Macron plays nice with China – with a warning to Germany

Macron
The French president is playing nice with Xi Jinping during his state visit to China Credit: LUDOVIC MARIN/AFP

Macron plays nice with China – with a warning to Germany

James Crisp By James Crisp
EUROPE EDITOR
How best to handle China continues to divide the Conservative Party in Brexit Britain. In the EU, they are trying the old good cop, bad cop routine.

During the Brexit negotiations, Emmanuel Macron performed the role of bad cop to perfection.

But the French president is playing nice with Xi Jinping during his state visit to China.

Along for the ride is Ursula von der Leyen, the European Commission president, who recently signalled a harder tone on Beijing from Brussels.

The war in Ukraine hovers over the visit.

China is by far Vladimir Putin’s most powerful remaining ally. There are European hopes Beijing will intercede with Moscow and warnings not to supply the Russians with weapons.

Mr Macron laid on the flattery and told XI his country had a vital role in finding the “path to peace”.

At the same time, he brought over 50 business leaders such as the boss of Airbus in the hope of signing some deals.

Trade with China is trickier than it once was, even notwithstanding the abuse of the Uighyers or building belligerence over Taiwan.

The war in Ukraine exposed the folly of embedding supply chain dependencies with autocratic and aggressive regimes.

Europe was addicted to Russian gas and is every bit as dependent on Chinese supplies of raw materials and semiconductors.

It is not surprising that Lithuania, already burnt from tangling with China over Taiwan, warned Mr Macron and Mrs von der Leyen to not “make the same mistake twice”.

The European Commission president called for a “de-risking” in relations with China.

She said the “decoupling” advocated for in Washington was not realistic but targeted action in certain critical and sensitive trade issues was necessary.

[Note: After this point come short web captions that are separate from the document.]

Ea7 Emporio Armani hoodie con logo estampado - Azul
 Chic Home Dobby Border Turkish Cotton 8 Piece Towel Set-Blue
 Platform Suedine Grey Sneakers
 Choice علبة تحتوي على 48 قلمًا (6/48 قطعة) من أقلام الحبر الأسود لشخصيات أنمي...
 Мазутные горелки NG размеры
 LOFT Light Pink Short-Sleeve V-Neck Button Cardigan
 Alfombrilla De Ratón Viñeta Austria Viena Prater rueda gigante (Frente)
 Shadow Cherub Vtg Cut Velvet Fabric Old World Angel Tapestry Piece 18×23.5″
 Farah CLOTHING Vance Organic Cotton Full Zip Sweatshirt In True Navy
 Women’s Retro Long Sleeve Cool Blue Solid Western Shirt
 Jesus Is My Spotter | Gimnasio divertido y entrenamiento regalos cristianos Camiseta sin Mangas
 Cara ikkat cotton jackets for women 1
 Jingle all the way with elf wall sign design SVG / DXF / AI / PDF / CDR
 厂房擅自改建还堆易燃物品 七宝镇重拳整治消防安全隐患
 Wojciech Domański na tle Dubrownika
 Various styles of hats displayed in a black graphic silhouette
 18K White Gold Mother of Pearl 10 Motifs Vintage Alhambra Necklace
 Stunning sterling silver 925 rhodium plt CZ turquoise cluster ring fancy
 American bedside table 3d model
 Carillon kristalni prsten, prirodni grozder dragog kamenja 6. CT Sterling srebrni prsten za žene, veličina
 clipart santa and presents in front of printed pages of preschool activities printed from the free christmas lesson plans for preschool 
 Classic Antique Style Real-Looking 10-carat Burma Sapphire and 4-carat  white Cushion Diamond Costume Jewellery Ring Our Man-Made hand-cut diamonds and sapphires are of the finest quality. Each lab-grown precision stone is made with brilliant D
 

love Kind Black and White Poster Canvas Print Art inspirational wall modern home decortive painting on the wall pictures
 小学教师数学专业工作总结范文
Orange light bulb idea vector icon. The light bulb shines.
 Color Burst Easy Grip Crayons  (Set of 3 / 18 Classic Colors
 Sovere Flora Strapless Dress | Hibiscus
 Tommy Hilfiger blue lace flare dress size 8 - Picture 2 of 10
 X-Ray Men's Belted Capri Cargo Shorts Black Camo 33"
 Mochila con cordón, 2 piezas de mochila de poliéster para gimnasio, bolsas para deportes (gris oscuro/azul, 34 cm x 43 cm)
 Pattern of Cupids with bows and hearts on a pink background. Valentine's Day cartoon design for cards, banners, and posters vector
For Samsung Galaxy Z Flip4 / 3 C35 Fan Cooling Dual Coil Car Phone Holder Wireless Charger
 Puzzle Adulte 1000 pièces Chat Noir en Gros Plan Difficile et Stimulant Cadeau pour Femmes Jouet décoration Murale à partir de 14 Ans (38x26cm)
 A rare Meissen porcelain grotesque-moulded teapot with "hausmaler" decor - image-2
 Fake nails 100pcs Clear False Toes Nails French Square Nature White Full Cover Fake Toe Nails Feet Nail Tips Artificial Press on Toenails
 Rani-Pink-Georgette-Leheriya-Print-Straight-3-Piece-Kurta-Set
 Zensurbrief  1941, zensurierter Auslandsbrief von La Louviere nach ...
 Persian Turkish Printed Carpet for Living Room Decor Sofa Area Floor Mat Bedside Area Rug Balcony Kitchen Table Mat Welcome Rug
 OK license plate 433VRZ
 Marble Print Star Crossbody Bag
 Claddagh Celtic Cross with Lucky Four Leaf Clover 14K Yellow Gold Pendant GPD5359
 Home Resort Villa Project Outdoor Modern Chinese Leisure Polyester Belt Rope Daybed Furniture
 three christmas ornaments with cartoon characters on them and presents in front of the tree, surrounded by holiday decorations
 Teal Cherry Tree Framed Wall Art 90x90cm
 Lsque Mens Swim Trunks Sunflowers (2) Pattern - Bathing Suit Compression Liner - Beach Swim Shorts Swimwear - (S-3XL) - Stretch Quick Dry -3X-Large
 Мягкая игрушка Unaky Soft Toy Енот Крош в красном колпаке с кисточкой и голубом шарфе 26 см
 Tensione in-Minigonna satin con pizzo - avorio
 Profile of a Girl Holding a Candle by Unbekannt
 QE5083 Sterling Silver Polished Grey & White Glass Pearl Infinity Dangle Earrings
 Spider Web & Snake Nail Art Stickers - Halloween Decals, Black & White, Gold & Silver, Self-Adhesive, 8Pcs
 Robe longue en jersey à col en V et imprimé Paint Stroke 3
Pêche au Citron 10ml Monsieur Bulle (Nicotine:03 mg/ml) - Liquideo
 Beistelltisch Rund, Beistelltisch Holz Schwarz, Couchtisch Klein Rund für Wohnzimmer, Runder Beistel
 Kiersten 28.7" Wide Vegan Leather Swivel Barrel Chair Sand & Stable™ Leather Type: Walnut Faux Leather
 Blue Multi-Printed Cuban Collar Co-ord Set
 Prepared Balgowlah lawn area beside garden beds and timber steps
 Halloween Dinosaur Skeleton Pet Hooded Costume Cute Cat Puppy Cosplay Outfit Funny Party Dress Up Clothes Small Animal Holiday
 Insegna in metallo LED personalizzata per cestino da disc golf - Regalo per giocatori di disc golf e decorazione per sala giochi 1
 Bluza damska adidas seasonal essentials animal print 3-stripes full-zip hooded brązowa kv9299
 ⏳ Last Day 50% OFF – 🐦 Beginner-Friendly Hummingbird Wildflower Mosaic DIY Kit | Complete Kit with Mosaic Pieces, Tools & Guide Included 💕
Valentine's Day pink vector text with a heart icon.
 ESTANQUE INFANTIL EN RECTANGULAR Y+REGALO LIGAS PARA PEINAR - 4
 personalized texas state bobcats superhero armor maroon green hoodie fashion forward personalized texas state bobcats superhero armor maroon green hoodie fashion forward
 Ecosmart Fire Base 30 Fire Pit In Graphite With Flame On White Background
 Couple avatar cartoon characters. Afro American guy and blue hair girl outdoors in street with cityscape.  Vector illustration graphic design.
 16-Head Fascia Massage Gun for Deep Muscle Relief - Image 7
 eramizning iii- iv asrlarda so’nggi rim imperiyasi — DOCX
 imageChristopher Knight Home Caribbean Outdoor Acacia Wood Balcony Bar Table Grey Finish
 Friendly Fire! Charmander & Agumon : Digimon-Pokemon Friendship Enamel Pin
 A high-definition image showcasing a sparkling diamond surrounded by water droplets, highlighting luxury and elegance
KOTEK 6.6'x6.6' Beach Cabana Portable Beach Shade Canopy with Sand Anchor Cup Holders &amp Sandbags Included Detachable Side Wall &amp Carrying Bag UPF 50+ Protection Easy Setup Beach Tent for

Mrs von der Leyen did raise concerns over the risk of industrial espionage and “unfair practices” against European companies exporting to China.

But the former German defence minister can’t afford to be too confrontational.

She is just the latest European leader to make the trip to meet Xi.

Spain’s prime minister Pedro Sanchez was in China just last week on the hunt for trade.

And in November, German chancellor Olaf Scholz became the first European leader to visit Beijing for three years in a controversial visit.

China has been Germany’s largest trade partner for the last seven years in a row. Historically Berlin has dominated the trade discussions between Brussels and Beijing.

There are similarities with the deep trading relationship between Germany and Russia that lasted for years before last year’s invasion.

Why did Mr Macron decide to take Mrs von der Leyen to China with him in what is an unusual move?

With his good cop hat on, the French president might have calculated a show of European unity might press home the need for peace in Ukraine.

But it could also be a bad cop’s not-so-subtle reminder to Mr Scholz that he can’t always put German interests ahead of European ones.